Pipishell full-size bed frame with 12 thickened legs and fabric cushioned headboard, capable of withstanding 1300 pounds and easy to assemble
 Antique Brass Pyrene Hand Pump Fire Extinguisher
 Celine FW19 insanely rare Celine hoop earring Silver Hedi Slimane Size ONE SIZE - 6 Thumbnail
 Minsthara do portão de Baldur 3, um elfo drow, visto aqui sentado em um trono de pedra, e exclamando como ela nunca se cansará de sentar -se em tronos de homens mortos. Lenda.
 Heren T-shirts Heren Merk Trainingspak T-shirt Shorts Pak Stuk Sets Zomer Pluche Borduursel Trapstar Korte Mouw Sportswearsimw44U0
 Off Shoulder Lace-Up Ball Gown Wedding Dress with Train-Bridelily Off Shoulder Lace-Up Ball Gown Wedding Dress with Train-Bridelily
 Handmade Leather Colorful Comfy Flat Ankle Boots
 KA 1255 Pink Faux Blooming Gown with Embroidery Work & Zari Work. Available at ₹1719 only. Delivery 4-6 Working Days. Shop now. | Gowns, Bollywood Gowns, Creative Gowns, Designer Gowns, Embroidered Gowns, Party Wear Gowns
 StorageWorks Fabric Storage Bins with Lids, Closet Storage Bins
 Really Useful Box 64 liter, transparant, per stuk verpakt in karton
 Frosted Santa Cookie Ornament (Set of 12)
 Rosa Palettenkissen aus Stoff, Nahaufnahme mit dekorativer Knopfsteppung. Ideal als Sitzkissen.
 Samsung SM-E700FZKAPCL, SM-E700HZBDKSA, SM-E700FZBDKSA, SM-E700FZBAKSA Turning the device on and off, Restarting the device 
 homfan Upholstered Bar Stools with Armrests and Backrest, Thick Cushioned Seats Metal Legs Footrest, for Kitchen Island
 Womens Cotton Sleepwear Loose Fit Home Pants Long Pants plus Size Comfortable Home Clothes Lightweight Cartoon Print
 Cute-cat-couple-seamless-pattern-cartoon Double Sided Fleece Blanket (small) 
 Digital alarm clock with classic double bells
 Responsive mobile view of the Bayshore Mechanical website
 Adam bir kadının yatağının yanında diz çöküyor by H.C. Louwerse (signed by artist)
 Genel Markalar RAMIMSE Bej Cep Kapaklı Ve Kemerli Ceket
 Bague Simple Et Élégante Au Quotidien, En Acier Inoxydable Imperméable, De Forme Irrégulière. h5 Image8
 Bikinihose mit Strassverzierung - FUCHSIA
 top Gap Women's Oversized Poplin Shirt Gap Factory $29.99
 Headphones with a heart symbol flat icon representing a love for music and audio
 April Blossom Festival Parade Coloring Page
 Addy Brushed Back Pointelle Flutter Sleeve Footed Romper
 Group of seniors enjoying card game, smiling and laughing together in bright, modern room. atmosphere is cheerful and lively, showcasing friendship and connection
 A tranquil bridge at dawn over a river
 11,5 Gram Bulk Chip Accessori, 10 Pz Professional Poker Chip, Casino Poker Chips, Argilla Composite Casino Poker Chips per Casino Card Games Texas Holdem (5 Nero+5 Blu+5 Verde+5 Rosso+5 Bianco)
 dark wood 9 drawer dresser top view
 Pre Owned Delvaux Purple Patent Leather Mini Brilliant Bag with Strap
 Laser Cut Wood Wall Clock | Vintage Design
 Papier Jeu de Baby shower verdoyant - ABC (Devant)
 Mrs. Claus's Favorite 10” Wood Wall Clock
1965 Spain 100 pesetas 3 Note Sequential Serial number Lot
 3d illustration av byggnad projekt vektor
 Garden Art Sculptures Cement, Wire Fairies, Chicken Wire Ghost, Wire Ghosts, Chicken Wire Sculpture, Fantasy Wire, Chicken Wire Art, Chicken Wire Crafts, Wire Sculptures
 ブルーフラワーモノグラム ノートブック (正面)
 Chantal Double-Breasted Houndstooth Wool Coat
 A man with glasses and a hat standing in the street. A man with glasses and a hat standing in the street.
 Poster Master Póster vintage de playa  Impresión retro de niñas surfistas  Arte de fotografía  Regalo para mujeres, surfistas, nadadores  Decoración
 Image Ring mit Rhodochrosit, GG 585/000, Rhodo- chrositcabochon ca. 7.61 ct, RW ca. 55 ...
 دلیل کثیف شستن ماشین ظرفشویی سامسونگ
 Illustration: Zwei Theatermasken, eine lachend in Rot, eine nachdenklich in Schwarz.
----------
Assignment
From the listing above, return the lines starting at the one with "with Train-Bridelily Off" and ending at the one with "Restarting the device", both kept, exactly as they appear and nothing more.

Finished exercise
 Off Shoulder Lace-Up Ball Gown Wedding Dress with Train-Bridelily Off Shoulder Lace-Up Ball Gown Wedding Dress with Train-Bridelily
 Handmade Leather Colorful Comfy Flat Ankle Boots
 KA 1255 Pink Faux Blooming Gown with Embroidery Work & Zari Work. Available at ₹1719 only. Delivery 4-6 Working Days. Shop now. | Gowns, Bollywood Gowns, Creative Gowns, Designer Gowns, Embroidered Gowns, Party Wear Gowns
 StorageWorks Fabric Storage Bins with Lids, Closet Storage Bins
 Really Useful Box 64 liter, transparant, per stuk verpakt in karton
 Frosted Santa Cookie Ornament (Set of 12)
 Rosa Palettenkissen aus Stoff, Nahaufnahme mit dekorativer Knopfsteppung. Ideal als Sitzkissen.
 Samsung SM-E700FZKAPCL, SM-E700HZBDKSA, SM-E700FZBDKSA, SM-E700FZBAKSA Turning the device on and off, Restarting the device 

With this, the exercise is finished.